Task item
Go through the entries below and pick out every line with "Gift".
----- Raw data -----
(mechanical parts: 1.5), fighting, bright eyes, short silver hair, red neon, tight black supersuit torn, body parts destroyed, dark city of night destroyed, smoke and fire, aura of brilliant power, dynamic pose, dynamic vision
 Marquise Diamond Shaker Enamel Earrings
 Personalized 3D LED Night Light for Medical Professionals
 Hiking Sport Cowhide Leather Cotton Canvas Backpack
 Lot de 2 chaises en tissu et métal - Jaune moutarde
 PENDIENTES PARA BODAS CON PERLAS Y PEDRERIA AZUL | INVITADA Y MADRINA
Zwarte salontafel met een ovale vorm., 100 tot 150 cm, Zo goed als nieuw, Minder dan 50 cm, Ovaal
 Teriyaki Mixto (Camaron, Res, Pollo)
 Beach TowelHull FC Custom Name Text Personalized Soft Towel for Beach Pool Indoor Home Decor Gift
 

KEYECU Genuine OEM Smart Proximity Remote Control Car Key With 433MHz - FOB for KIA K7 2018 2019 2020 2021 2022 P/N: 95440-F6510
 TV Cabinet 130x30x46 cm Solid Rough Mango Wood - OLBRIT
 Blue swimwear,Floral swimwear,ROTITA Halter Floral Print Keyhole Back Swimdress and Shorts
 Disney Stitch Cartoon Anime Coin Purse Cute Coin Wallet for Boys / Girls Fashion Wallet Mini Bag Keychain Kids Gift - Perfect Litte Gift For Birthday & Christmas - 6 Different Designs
-----
Output of the task
 Beach TowelHull FC Custom Name Text Personalized Soft Towel for Beach Pool Indoor Home Decor Gift
 Disney Stitch Cartoon Anime Coin Purse Cute Coin Wallet for Boys / Girls Fashion Wallet Mini Bag Keychain Kids Gift - Perfect Litte Gift For Birthday & Christmas - 6 Different Designs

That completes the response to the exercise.